In the first chapter of Finnegans Wake Joyce describes the fall of the primordial giant Finnegan and his awakening as the modern family man and pub owner H.C.E.
— –Donald Phillip Verene's summary and interpretation of the Wakes episodic opening chapter

The entire work forms a cycle, the book ending with the sentence fragment "a way a lone a last a loved a long the" and beginning by finishing that sentence: "riverrun, past Eve and Adam's, from swerve of shore to bend of bay, brings us by a commodius vicus of recirculation back to Howth Castle and Environs." Joyce himself revealed that the book "ends in the middle of a sentence and begins in the middle of the same sentence." The introductory chapter (I.1) establishes the book's setting as "Howth Castle and Environs" (i.e. the Dublin area), and introduces Dublin hod carrier "Finnegan", who falls to his death from a ladder while constructing a wall.
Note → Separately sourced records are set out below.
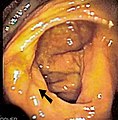 盲肠的直腸鏡（英语：Colonoscopy）影像，前面箭頭部份即為迴盲瓣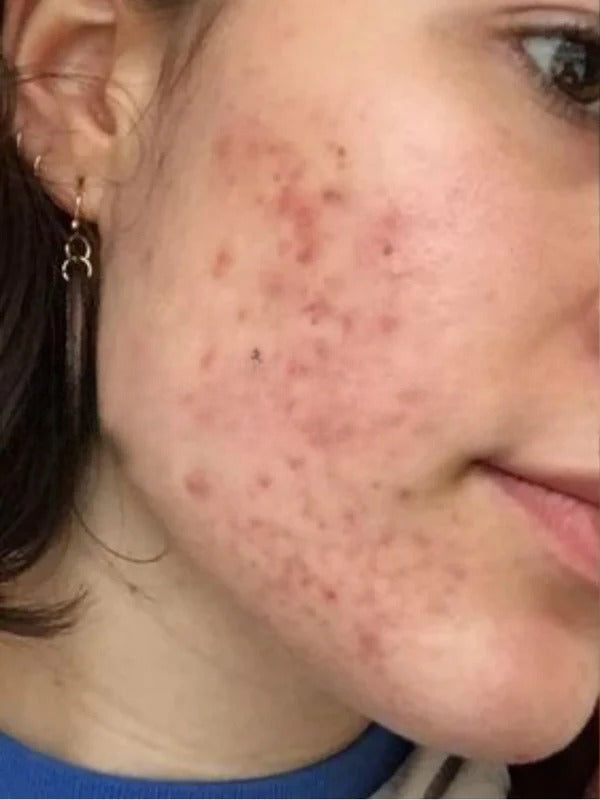 Before - Day 1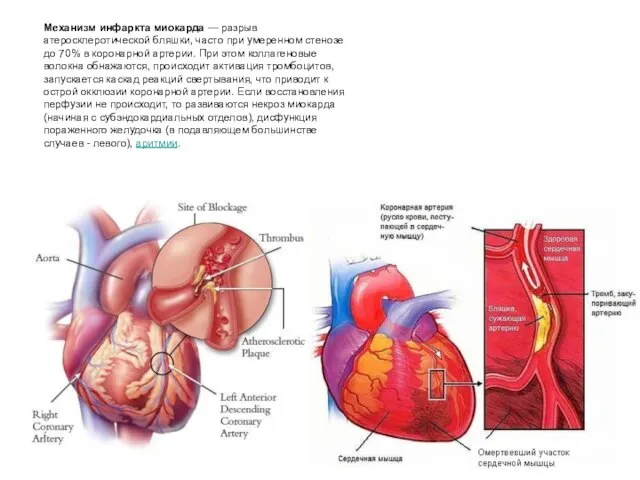 Механизм инфаркта миокарда — разрыв атеросклеротической бляшки, часто при умеренном стенозе
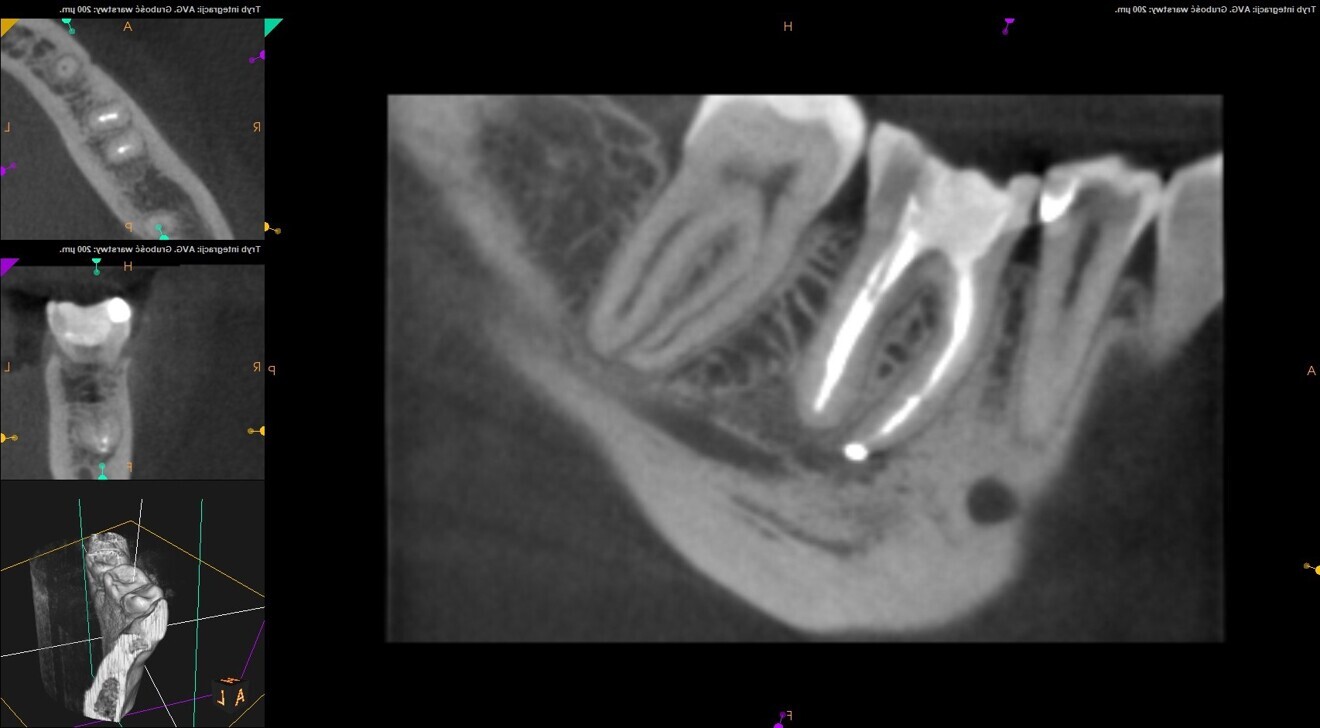 Fig. 24: CBCT scan at the six-month follow-up.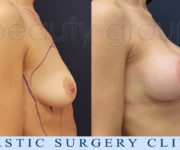 Breast enlargement - photo before and after surgery - Beauty Group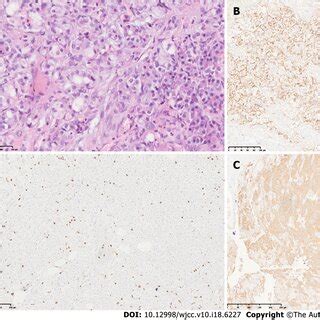 Histology And Immunohistochemistry Of The Tumor A Hematoxylin And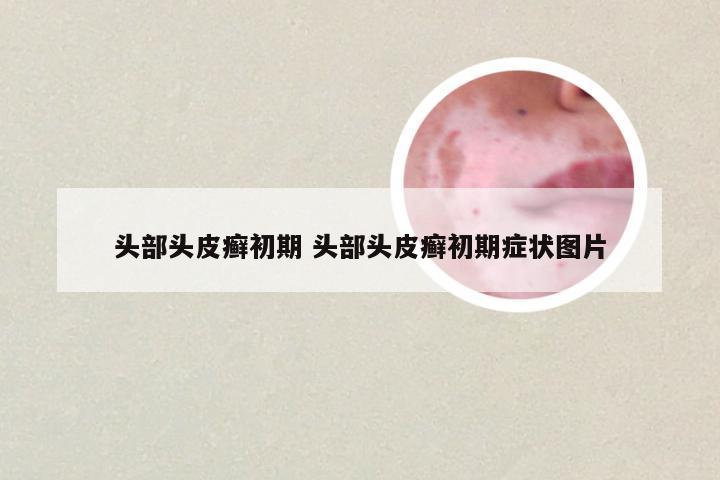 头部头皮癣初期 头部头皮癣初期症状图片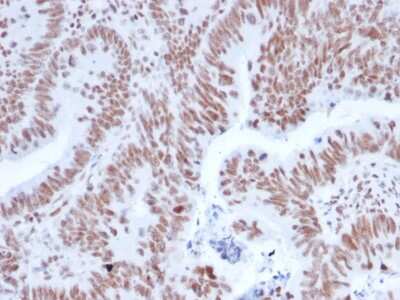 Immunohistochemistry-Paraffin: Nrf1 Antibody (NRF1/2608) [NBP3-08751] - Formalin-fixed, paraffin-embedded human Colon Carcinoma stained with Nrf1 Mouse Monoclonal Antibody (Nrf1/2608).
Finnegan's wife Annie puts out his corpse as a meal spread for the mourners at his wake, but he vanishes before they can eat him. A series of episodic vignettes follows, loosely related to the dead Finnegan, most commonly referred to as "The Willingdone Museyroom", "Mutt and Jute", and "The Prankquean". At the chapter's close a fight breaks out, whiskey splashes on Finnegan's corpse, and "the dead Finnegan rises from his coffin bawling for whiskey and his mourners put him back to rest", persuading him that he is better off where he is. The chapter ends with the image of the HCE character sailing into Dublin Bay to take a central role in the story.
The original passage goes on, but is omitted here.